Created 07-19-2016 03:20 PM
I agree with the notes identified in the comments section between you and @Benjamin Leonhardi that the gotcha is the zip files. http://stackoverflow.com/questions/17200731/pig-tagsource-doesnt-work-with-multiple-files suggests that you can set pig.splitCombination to false to get over the hump that you may be running multiple files in a single mapper.
That said, I did a simple test on the 2.4 Sandbox having three files (named file1.txt, file2.txt and file3.txt) with the following contents.
a,b,c a,b,c a,b,c
I then ran the following simple script (tried it with MR as well as Tez as the execution engine).
a = LOAD '/user/maria_dev/multFiles' using PigStorage(' ','-tagFile'); DUMP a;
And I got the following (expected) output.
(file1.txt,a,b,c) (file1.txt,a,b,c) (file1.txt,a,b,c) (file2.txt,a,b,c) (file2.txt,a,b,c) (file2.txt,a,b,c) (file3.txt,a,b,c) (file3.txt,a,b,c) (file3.txt,a,b,c)
Good luck!
Created 06-16-2016 10:50 AM
What does happen in the Yarn resource manager? Do you see 80 mappers in the yarn application that is kicked off? Have a look in the logs of one of them to see what is going on.
Created 06-16-2016 03:17 PM
No, only one 😞 I put the files into 2 zipped files now. Don't know if I will get a better performance in doing this...
Created 06-16-2016 10:18 PM
If the files are small pig will group them together. you could disable that if you wanted to. Now if you zip them each zipped file will have one mapper ( you mean GZ not zip I hope the latter will not work ), since they cannot be split.

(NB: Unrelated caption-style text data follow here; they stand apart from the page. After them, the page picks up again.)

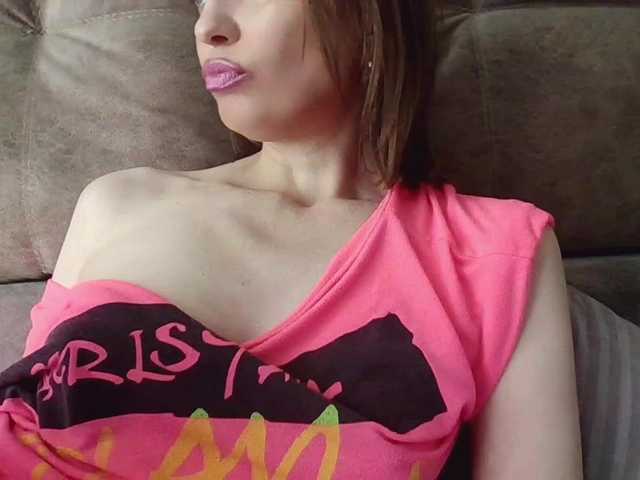 lilisexy14's BongaCams show and profile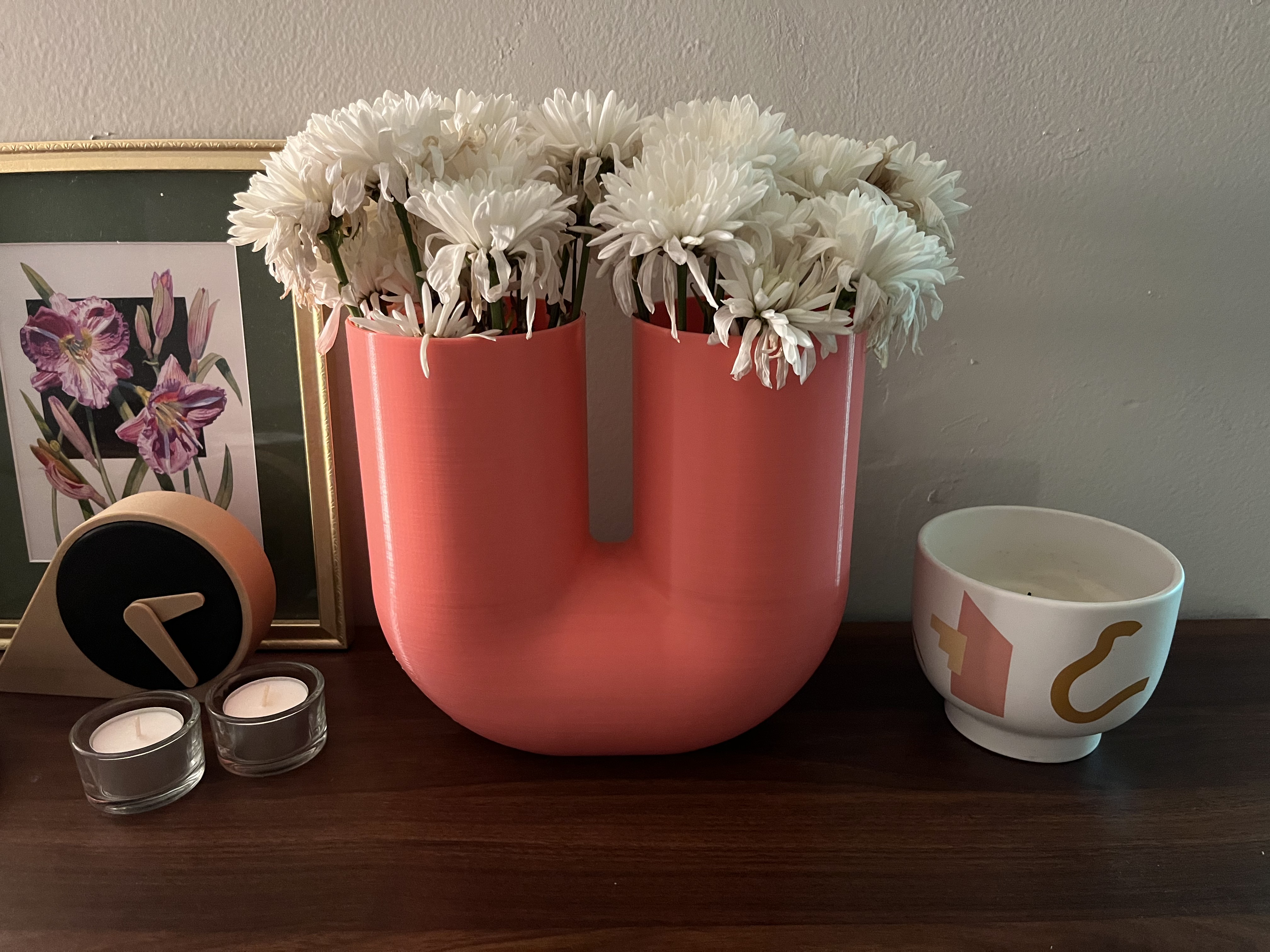 Miniatura 3 do modelo 3D Large U-Shaped Vase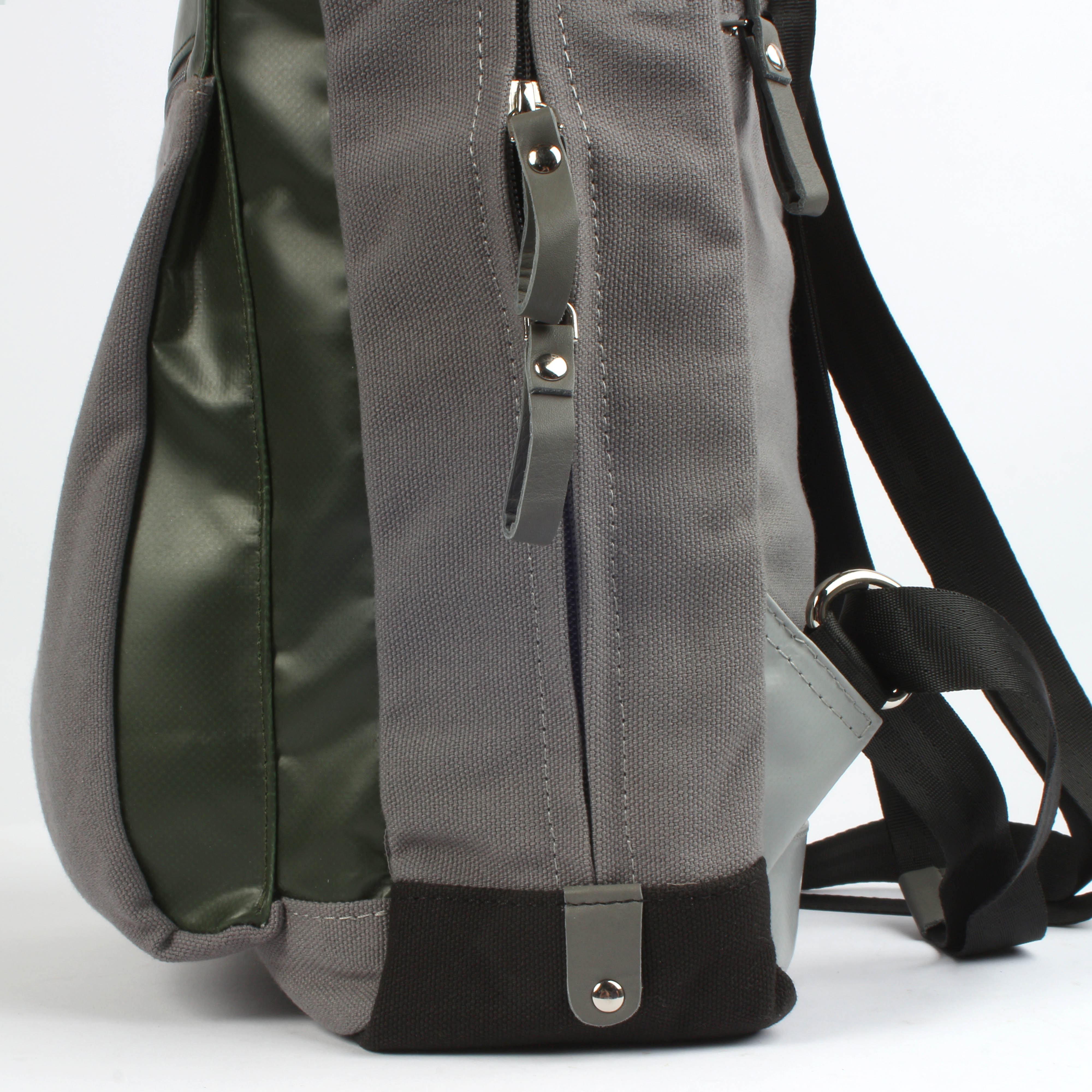 7clouds Neldem grey-junglegreen nachhaltiger Shopper-Laptoprucksack für Damen Detail Reissverschluss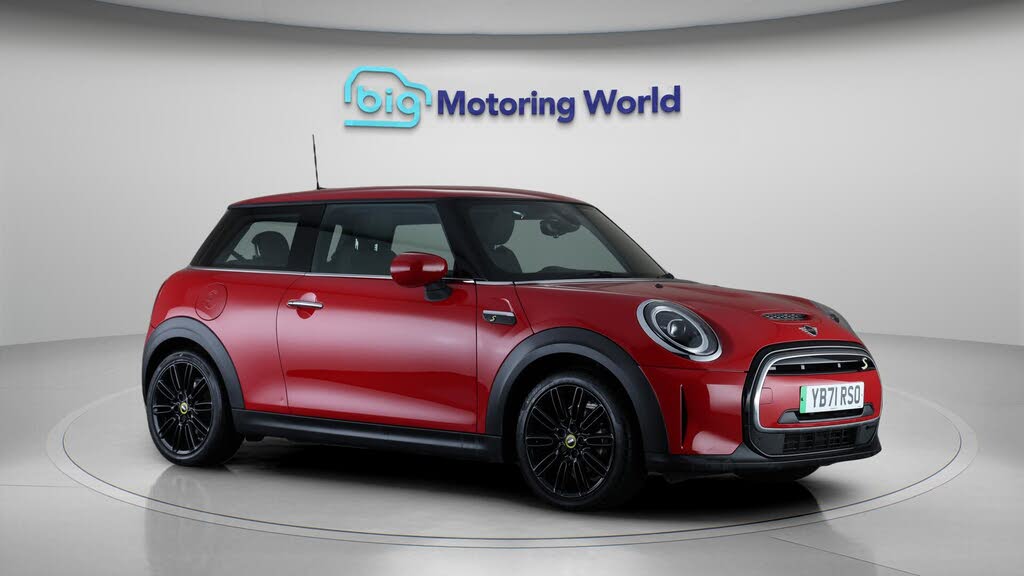 2022 MINI Mini E Cooper S 2)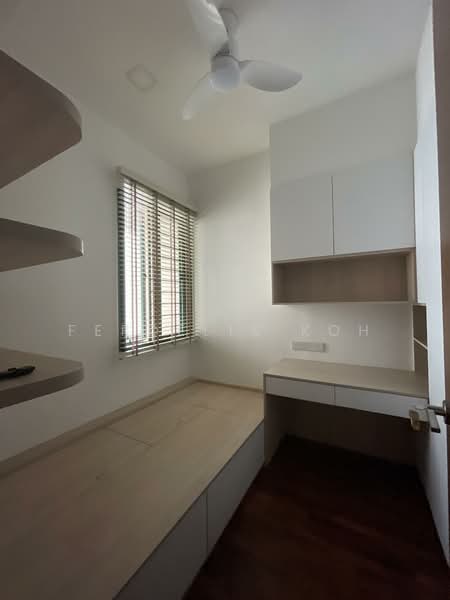 Palm Spring, 16 Ewe Boon Road, 4 Bedrooms, 1,873 sqft, Condominium For Sale, by Ferdelis Koh, 500121842 - Common Bedroom - PropertyGuru.com.sg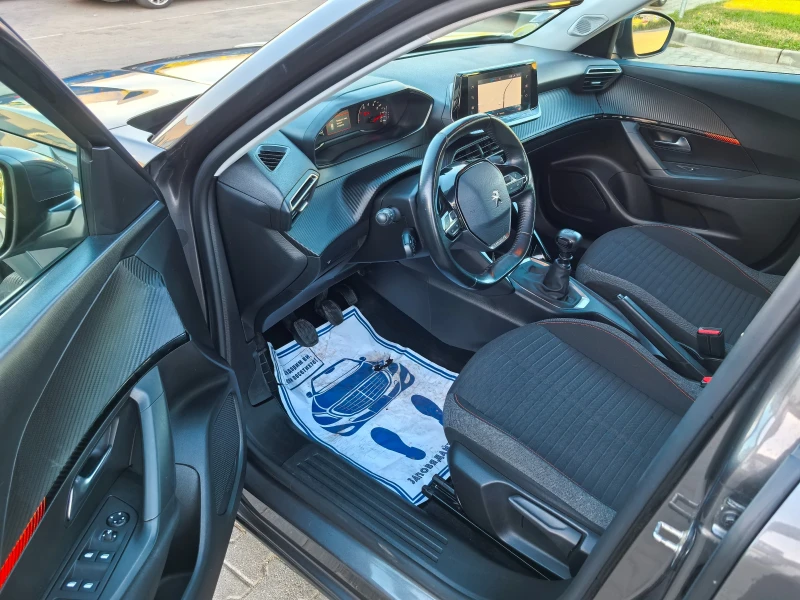 Peugeot 2008 1.5HDI 110кс, снимка 12 - Автомобили и джипове - 52125168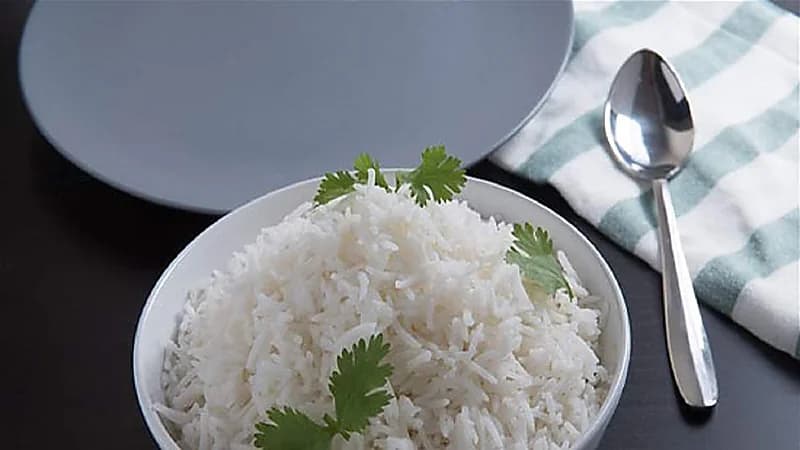 خطورة تسخين " الأرز " في الشتاء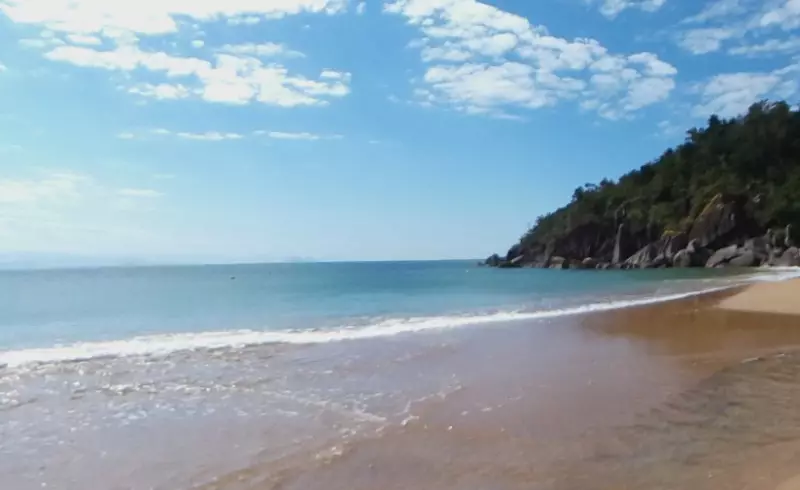 Homem morre afogado após nadar de barco na Praia do Jabaquara, em Ilhabela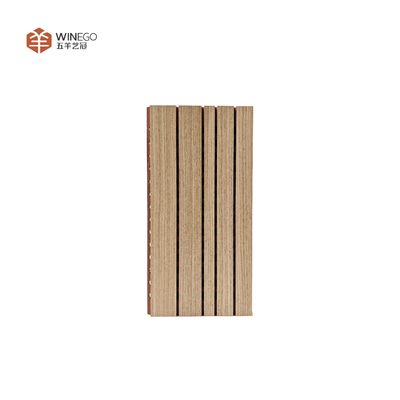 Elevar el diseño acústico con paneles con ranuras de Winego para entornos de sonido premium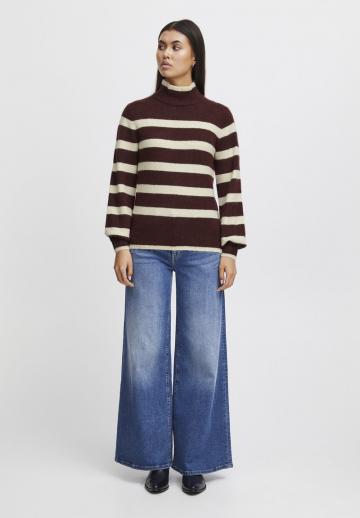 Пуловер в полоску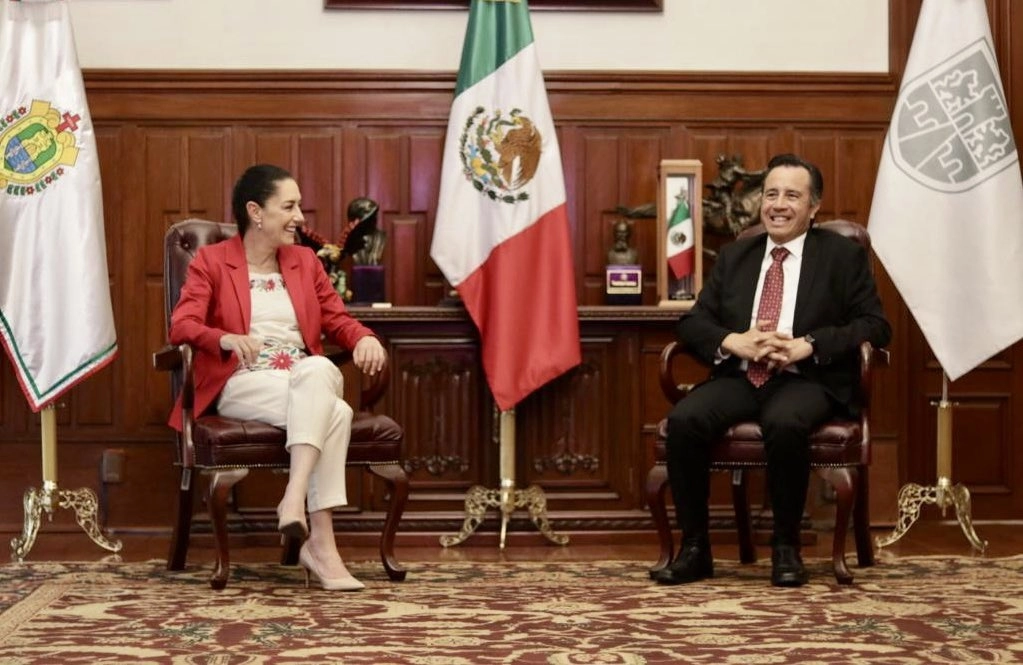 La jefa de gobierno de la CDMX, Claudia Sheinbaum visitó al gobernador de Veracruz, Cuitláhuac García. Foto @Claudiashein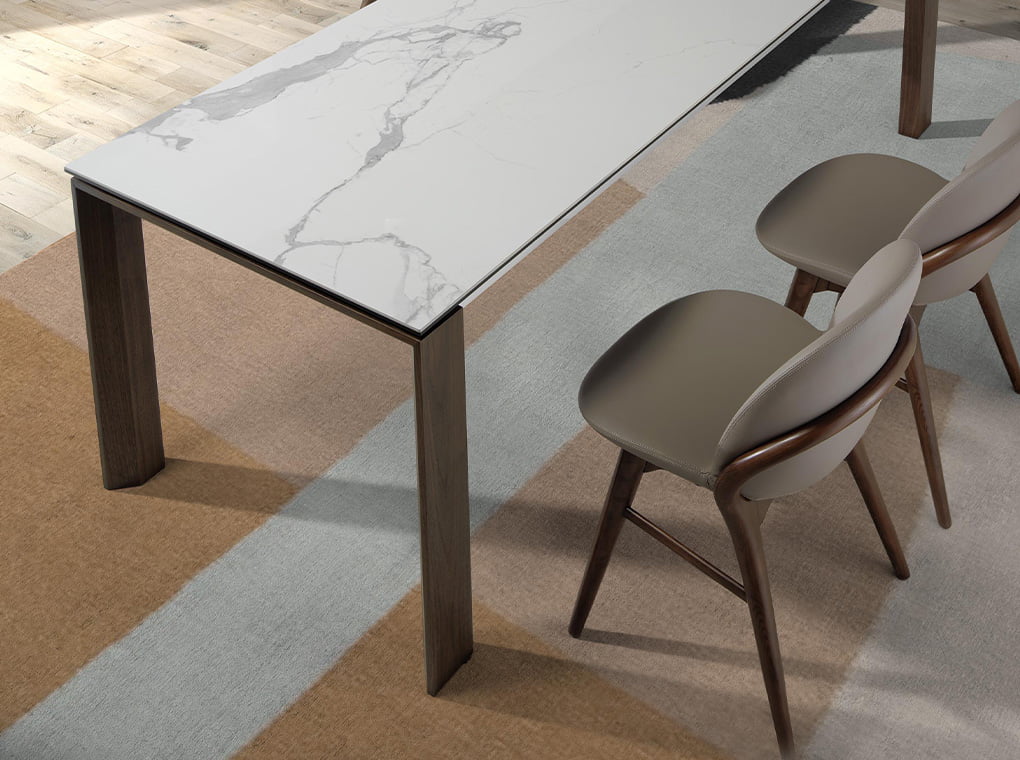 Scaun de Dining Tapitat cu Eco-Piele si Cadru din Lemn de Nuc Angel Cerda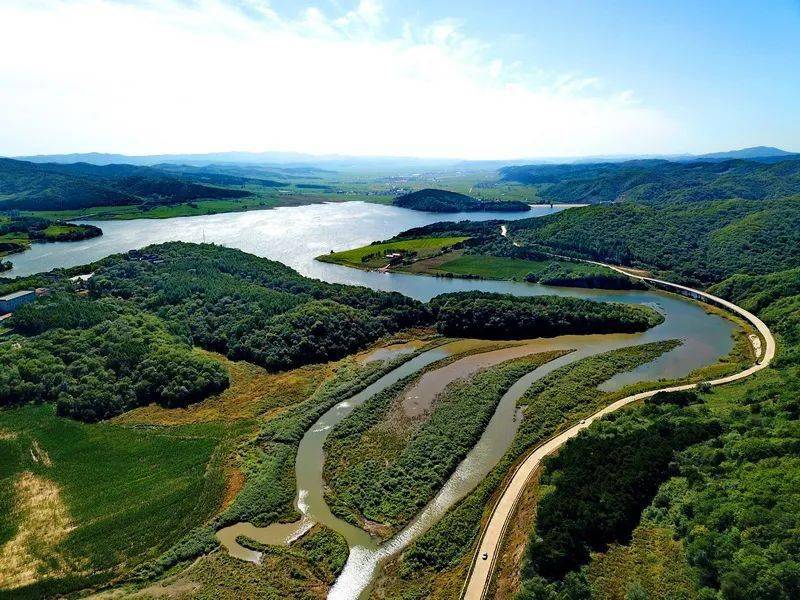 截叶赫河成湖,是以防洪,除涝为主,结合灌溉,养鱼,发电等多功能调节的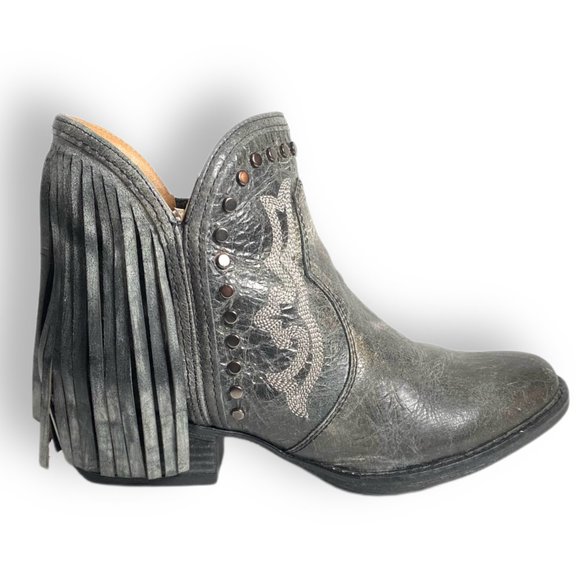 Sterling River,  Distressed Leather, Black & Gray with Fringe Booties,  SR6000 - Picture 1 of 14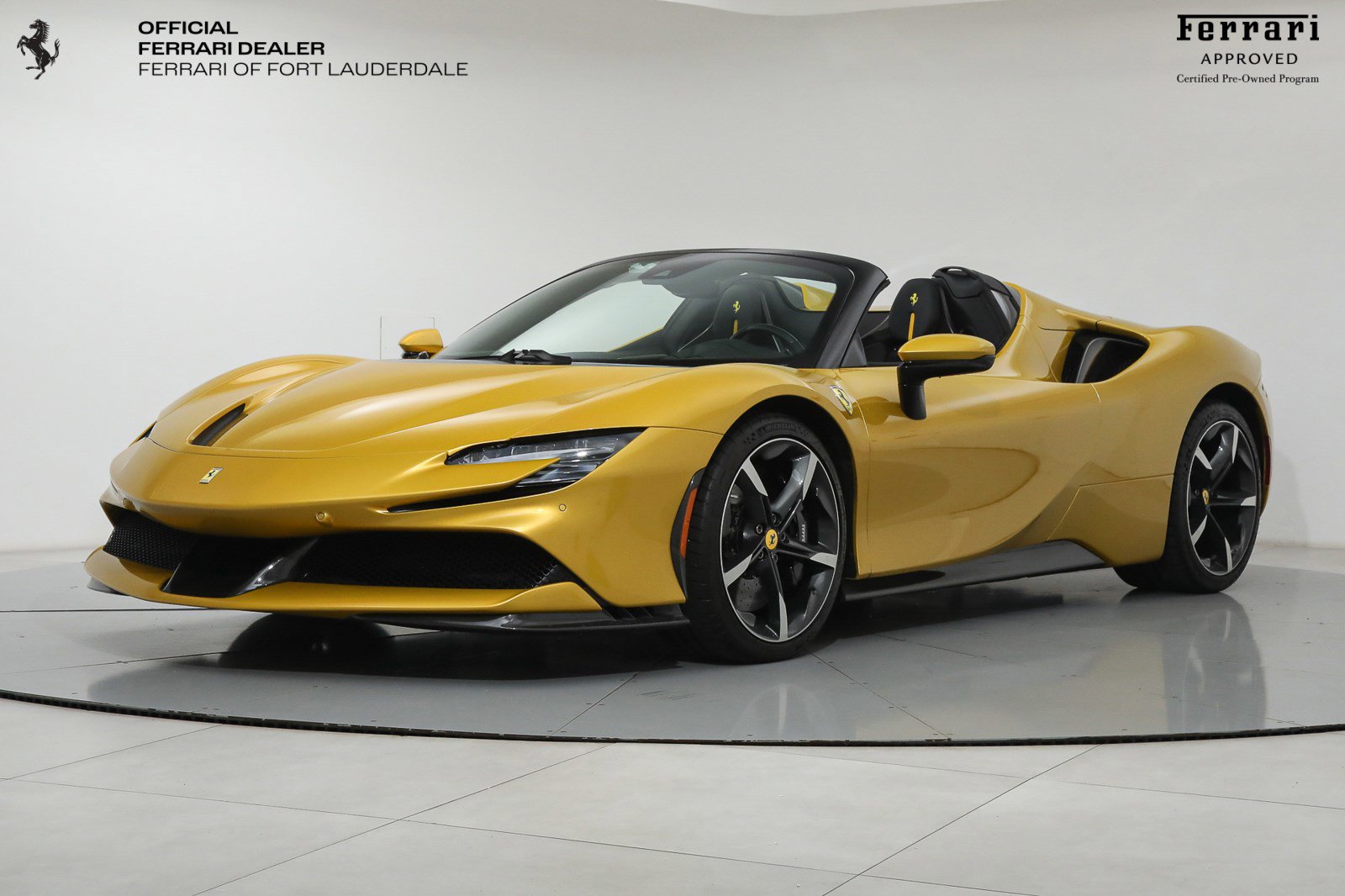 2022 Ferrari SF90 Spider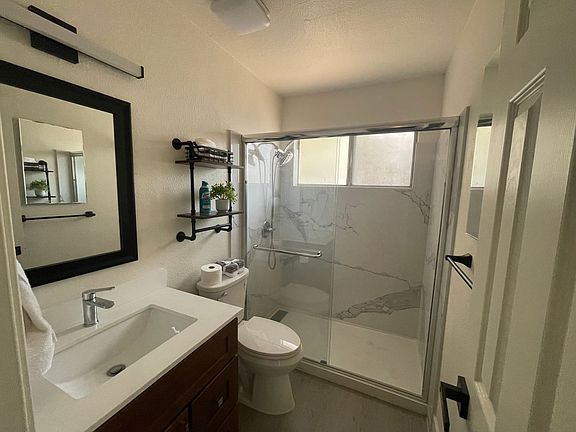5th image of 337 E Poplar St APT 12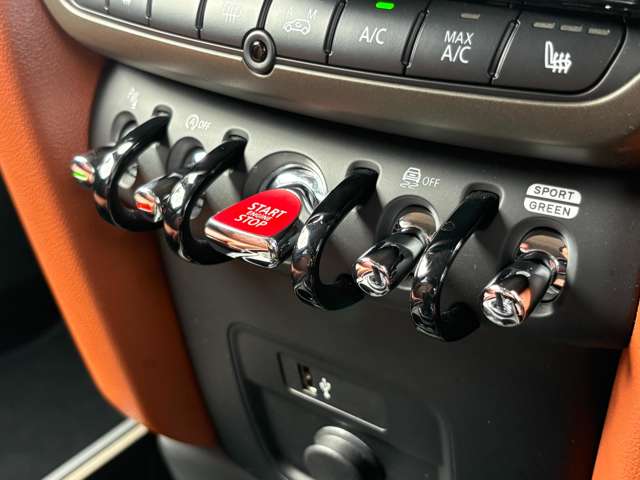 MINI Crossover 7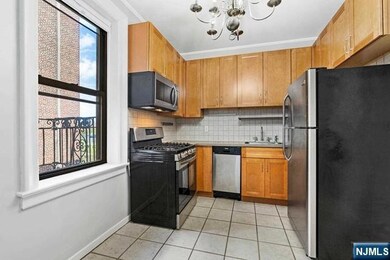 Tudor Arms unit 3H, Cliffside Park, NJ 07010 - photo 6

Anyway if he groups them into one map task it sounds like they are not too big so the question is why they take so long. I would still look into Resourcem,anager logs and see what is going on. You can see how many bytes go in and out of each mapper and look in logs for what is going on.
Created 06-17-2016 09:47 AM
Thanks Benjamin for your support 🙂 When you speak to Resource Manager, are you talking about Job Browser, to see the logs?
Created 07-19-2016 03:20 PM
I agree with the notes identified in the comments section between you and @Benjamin Leonhardi that the gotcha is the zip files. http://stackoverflow.com/questions/17200731/pig-tagsource-doesnt-work-with-multiple-files suggests that you can set pig.splitCombination to false to get over the hump that you may be running multiple files in a single mapper.
That said, I did a simple test on the 2.4 Sandbox having three files (named file1.txt, file2.txt and file3.txt) with the following contents.
a,b,c a,b,c a,b,c
I then ran the following simple script (tried it with MR as well as Tez as the execution engine).
a = LOAD '/user/maria_dev/multFiles' using PigStorage(' ','-tagFile'); DUMP a;
And I got the following (expected) output.
(file1.txt,a,b,c) (file1.txt,a,b,c) (file1.txt,a,b,c) (file2.txt,a,b,c) (file2.txt,a,b,c) (file2.txt,a,b,c) (file3.txt,a,b,c) (file3.txt,a,b,c) (file3.txt,a,b,c)
Good luck!